» **Exercise**: There is a line below that contains "Drobo 5D | DRDR5-A". Please reproduce it and all following lines exactly, through the final one.

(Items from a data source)
▶
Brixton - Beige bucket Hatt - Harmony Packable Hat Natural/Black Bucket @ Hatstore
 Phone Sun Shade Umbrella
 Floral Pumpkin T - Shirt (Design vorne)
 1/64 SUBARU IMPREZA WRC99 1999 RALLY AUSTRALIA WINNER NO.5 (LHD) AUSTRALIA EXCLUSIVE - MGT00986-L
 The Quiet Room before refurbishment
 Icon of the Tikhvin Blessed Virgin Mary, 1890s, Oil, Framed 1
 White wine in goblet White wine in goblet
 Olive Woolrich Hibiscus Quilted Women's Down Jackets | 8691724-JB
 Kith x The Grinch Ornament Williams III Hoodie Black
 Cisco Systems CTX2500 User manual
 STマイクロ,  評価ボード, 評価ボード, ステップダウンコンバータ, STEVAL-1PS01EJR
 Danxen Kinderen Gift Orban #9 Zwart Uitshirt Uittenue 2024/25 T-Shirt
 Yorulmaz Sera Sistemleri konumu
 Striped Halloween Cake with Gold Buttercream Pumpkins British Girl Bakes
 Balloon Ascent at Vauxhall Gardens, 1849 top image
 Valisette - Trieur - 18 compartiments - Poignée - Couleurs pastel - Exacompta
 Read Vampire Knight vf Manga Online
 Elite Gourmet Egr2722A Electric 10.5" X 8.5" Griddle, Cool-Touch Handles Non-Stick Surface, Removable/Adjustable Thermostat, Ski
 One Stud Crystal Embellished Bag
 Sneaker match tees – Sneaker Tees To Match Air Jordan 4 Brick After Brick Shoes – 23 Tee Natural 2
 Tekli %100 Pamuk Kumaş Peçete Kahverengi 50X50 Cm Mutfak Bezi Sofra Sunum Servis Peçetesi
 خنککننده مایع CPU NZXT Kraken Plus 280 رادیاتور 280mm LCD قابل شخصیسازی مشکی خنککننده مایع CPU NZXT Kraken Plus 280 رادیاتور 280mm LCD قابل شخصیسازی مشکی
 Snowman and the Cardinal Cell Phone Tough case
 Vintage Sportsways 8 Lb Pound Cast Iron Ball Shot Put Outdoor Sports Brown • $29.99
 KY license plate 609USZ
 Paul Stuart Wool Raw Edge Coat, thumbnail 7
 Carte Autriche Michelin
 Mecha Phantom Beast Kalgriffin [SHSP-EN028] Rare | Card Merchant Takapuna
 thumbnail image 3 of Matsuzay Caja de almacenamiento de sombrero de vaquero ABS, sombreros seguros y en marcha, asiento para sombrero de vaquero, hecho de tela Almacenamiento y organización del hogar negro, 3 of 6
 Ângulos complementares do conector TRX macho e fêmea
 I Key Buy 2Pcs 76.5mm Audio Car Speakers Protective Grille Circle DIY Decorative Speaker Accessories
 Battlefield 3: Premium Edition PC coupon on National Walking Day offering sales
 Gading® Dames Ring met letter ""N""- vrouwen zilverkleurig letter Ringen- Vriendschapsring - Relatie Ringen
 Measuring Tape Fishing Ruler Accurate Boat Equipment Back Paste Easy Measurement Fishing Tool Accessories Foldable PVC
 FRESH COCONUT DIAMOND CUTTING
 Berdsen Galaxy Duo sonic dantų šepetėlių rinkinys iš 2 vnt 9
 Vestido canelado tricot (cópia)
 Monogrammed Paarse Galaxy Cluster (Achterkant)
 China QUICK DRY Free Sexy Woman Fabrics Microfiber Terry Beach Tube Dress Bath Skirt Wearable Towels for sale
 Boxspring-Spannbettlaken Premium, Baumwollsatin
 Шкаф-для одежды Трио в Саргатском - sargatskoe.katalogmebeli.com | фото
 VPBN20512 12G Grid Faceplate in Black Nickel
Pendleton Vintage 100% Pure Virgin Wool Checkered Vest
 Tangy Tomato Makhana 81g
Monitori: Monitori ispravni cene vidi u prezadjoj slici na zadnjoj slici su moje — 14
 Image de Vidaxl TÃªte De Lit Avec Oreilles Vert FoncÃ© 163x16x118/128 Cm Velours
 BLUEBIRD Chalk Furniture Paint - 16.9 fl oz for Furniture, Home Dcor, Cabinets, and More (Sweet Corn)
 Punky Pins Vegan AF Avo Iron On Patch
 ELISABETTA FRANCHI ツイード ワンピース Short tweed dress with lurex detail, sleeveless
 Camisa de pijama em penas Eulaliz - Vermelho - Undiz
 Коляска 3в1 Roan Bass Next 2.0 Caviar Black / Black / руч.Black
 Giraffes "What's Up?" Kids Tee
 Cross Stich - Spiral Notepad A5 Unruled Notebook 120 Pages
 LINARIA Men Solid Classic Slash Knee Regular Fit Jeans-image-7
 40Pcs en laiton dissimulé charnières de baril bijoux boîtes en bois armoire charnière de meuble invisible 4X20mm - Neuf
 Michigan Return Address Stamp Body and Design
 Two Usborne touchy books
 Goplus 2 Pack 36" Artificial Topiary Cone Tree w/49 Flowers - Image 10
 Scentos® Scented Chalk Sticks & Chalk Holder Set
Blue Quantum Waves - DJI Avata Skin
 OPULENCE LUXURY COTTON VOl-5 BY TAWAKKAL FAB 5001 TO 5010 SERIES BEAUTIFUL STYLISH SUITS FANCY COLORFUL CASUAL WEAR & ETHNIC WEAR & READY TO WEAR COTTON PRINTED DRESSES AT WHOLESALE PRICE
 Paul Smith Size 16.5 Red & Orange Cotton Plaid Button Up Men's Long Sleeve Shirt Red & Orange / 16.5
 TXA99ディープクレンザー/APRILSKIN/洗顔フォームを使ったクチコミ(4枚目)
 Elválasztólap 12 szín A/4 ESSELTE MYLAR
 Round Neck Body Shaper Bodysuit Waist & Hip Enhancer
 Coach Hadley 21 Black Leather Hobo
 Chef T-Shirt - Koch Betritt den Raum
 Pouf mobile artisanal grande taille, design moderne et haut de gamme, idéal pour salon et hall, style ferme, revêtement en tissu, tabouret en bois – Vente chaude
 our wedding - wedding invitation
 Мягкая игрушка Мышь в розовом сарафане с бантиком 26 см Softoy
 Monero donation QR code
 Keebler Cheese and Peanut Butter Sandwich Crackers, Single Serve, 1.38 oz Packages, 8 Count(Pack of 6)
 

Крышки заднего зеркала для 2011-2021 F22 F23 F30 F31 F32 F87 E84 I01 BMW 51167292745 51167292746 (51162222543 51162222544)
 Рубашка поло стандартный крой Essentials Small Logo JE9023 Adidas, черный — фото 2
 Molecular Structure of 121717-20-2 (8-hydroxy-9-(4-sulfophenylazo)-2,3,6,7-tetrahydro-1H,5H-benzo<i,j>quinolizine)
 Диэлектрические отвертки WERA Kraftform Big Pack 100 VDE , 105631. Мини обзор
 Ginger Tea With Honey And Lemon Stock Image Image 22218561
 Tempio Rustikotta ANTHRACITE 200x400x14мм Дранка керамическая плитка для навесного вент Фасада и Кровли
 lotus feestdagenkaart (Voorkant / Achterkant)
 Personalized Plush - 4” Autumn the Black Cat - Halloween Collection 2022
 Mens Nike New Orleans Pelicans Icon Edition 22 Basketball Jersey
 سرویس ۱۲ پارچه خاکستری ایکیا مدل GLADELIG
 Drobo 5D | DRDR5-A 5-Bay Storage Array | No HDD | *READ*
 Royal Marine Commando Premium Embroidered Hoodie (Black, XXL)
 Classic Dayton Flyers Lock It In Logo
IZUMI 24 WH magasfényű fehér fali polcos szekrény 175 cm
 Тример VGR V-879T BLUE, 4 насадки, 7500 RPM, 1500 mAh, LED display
◀
» **Answer box**:
 Drobo 5D | DRDR5-A 5-Bay Storage Array | No HDD | *READ*
 Royal Marine Commando Premium Embroidered Hoodie (Black, XXL)
 Classic Dayton Flyers Lock It In Logo
IZUMI 24 WH magasfényű fehér fali polcos szekrény 175 cm
 Тример VGR V-879T BLUE, 4 насадки, 7500 RPM, 1500 mAh, LED display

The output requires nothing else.